• Problem details
Nothing but the lines below, from the first through the line containing "Patent US12315793 Figure", should be set down, each one exactly and without pictures.

• Data supplied
»»

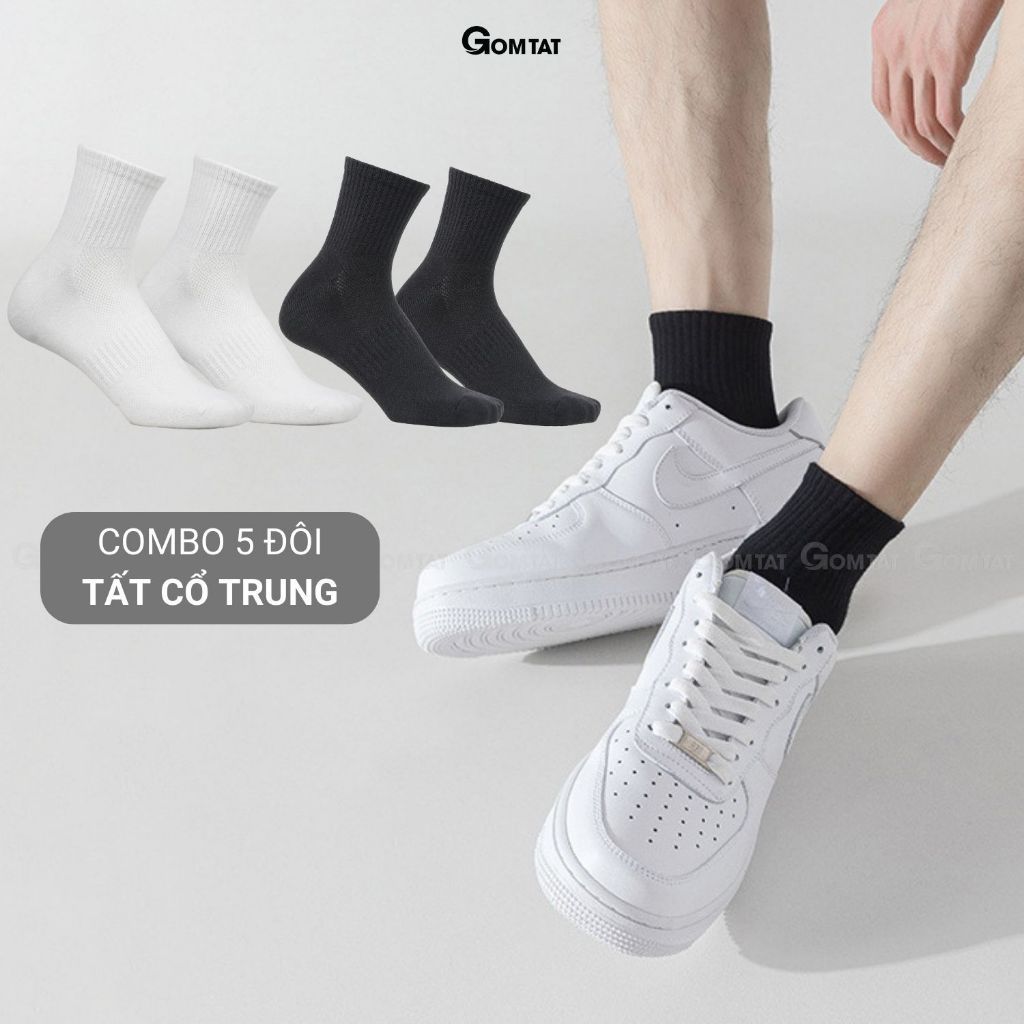 Combo 5 đôi tất cổ trung nam nữ GOMTAT chất liệu cotton cao cấp, thiết kế mặt lưới thoáng khí - GOM-KLB-TRONLUNG-CB5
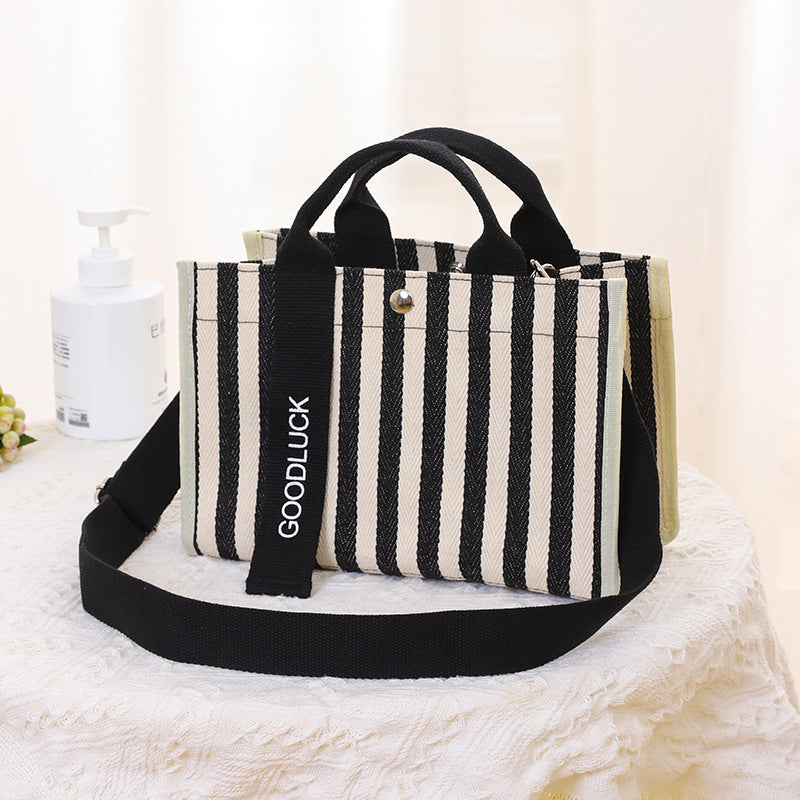 Women's Portable Waterproof Film Canvas Striped Handbags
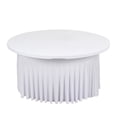 thumbnail image 3 of BalsaCircle 5 feet White Wavy Spandex Fitted Round Tablecloth Table Skirt Table Linens, 3 of 6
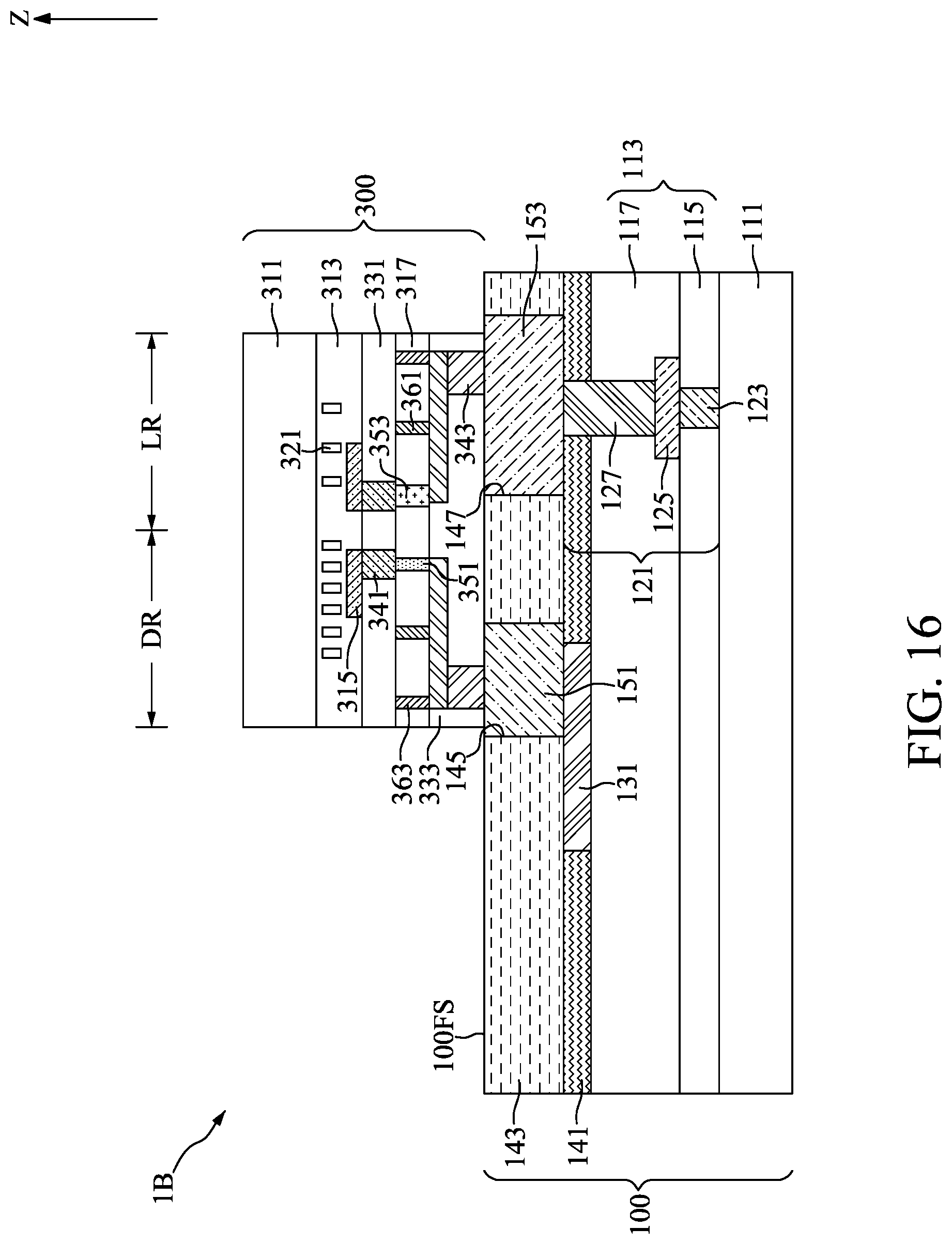 Patent US12315793 Figure 16 – Semiconductor device with redistribution plugs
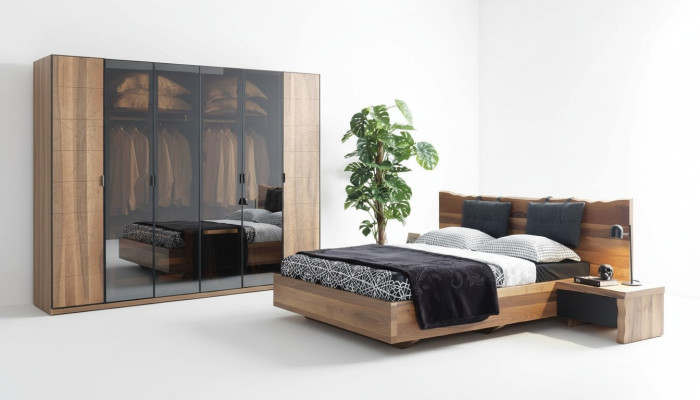 Schlafzimmer Bett 2x Nachttisch Kleiderschrank Garnitur Holz Modern Set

««

• Answer to this exercise
 Combo 5 đôi tất cổ trung nam nữ GOMTAT chất liệu cotton cao cấp, thiết kế mặt lưới thoáng khí - GOM-KLB-TRONLUNG-CB5
 Women's Portable Waterproof Film Canvas Striped Handbags
 thumbnail image 3 of BalsaCircle 5 feet White Wavy Spandex Fitted Round Tablecloth Table Skirt Table Linens, 3 of 6
 Patent US12315793 Figure 16 – Semiconductor device with redistribution plugs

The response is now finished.